Let $ (M,g) $ be an $ n $-dimensional Riemannian manifold. Let $ S\subset M $ be an embedded oriented hypersurface of $ M $. Let $ \hat N $ be the unit normal vector field on $ S $.
If we pick a chart $ (U,\phi) $ adapted to $ S $ (meaning that $ \phi(U\cap S) = \{x\in \phi(U) : x^n = 0\} $) and apply the Gram-Schmidt process to the frame field $ \{\partial_1,\dots,\partial_n\} $ induced by $ (U,\phi) $, we obtain an orthonormal frame field $ \{e_1,\dots,e_n\} $ such that $ \{e_1,\dots,e_n\} $ is an orthonormal frame field for $ S $ and thus such that $ e_n = \hat N $.
Let $ \omega_g $ be the Riemannian volume form on $ M $. On $ U $ we can write $$ \omega_g = e^1\wedge\dots\wedge e^n $$ since $ \{e_1,\dots,e_n\} $ is orthonormal.

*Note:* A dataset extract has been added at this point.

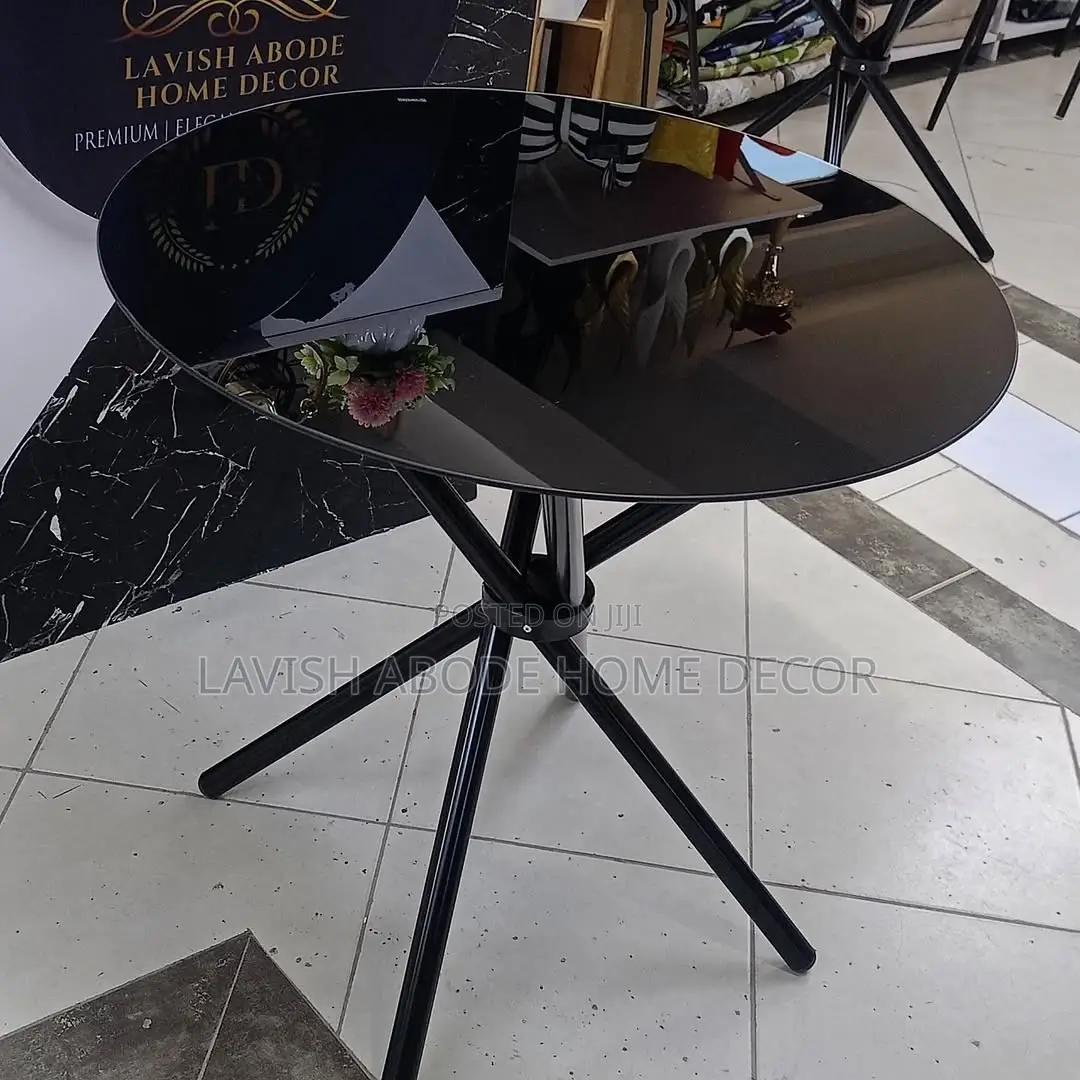 Round Black Tempered Glass Table 80cm – Dining Meeting Table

Now, I know that the Riemannian volume form $ \eta_g $ o $ S $ induced by the pullback metric is given by the receipt $$ \eta_g = \iota^*(\hat N\mathop{\lrcorner} \omega_g) $$ where $ \iota\colon S\hookrightarrow M $ is the canonical inclusion, but...
If we compute $ \iota^*(\hat N\mathop{\lrcorner} \omega_g) $ we discover that $$ \hat N\mathop{\lrcorner} \omega_g = \color{red}{(-1)^{n - 1}} e^1\wedge\dots\wedge e^{n - 1}\qquad \leadsto\qquad \eta_g = \color{red}{(-1)^{n - 1}}e^1\wedge\dots\wedge e^{n - 1} $$
if instead we compute directly $ \eta_g $ employing the fact that $ \{e_1,\dots,e_{n - 1}\} $ is orthonormal for $ S $, we obtain $$ \eta_g = e^1\wedge\dots\wedge e^{n - 1} $$
Something smells wrong to me. Why does that happens?